|Parishes||Washington, St. Tammany|
|- left||Abita River|
|- location||Washington Parish, Louisiana|
|- location||Covington, St. Tammany Parish, Louisiana|
|Length||28 mi (45 km)|
The Bogue Falaya, also known as the Bogue Falaya River, is a 28.0-mile-long (45.1 km) river in southeastern Louisiana in the United States. It is a tributary of the Tchefuncte River, which flows to Lake Pontchartrain. The river flows through an area of mixed pine-hardwood and bottomland hardwood forests on the Gulf Coastal Plain.

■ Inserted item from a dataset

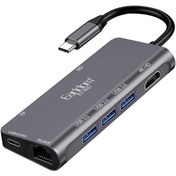 تصویر هاب ۸ پورت تایپ سی ارلدام مدل ET-W21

The Bogue Falaya rises in southwestern Washington Parish and flows generally south-southeastwardly through western St. Tammany Parish, past Covington, where it collects the Abita River. It joins the Tchefuncte River about 10 miles (16 km) upstream of that river's mouth at Lake Pontchartrain.
The name is derived from the Choctaw words bogu, “river,” and falaya, "long."

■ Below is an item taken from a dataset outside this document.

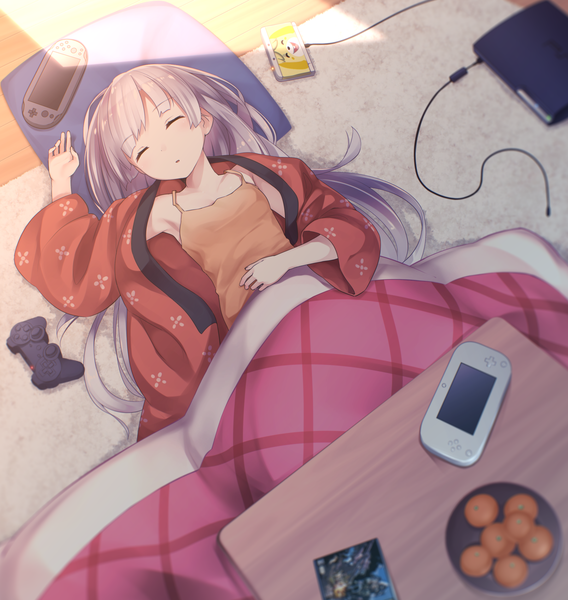 Anime picture 2369x2500 with original ninnzinn single long hair tall image fringe highres bare shoulders purple hair lying eyes closed sunlight on back sleeping girl pillow table fruit wire (wires) blanket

A portion of the Bogue Falaya in St. Tammany Parish has been designated a "Natural and Scenic River" by the state government of Louisiana.
Variant names and spellings
- U.S. Geological Survey. National Hydrography Dataset high-resolution flowline data. The National Map, accessed June 20, 2011
- Columbia Gazetteer of North America entry
- Louisiana Department of Environmental Quality (2002). State of Louisiana Water Quality Management Plan: Appendix B: Descriptions of Louisiana's Natural and Scenic Rivers (PDF)
- DeLorme (2003). Louisiana Atlas & Gazetteer. Yarmouth, Maine: DeLorme. ISBN 0-89933-286-2
- Bushnell, D.I. (1909). The Choctaw of Bayou Lacomb, St. Tammany Parish, Louisiana. Washington: Government Printing Office. p. 7. No copyright in the United States.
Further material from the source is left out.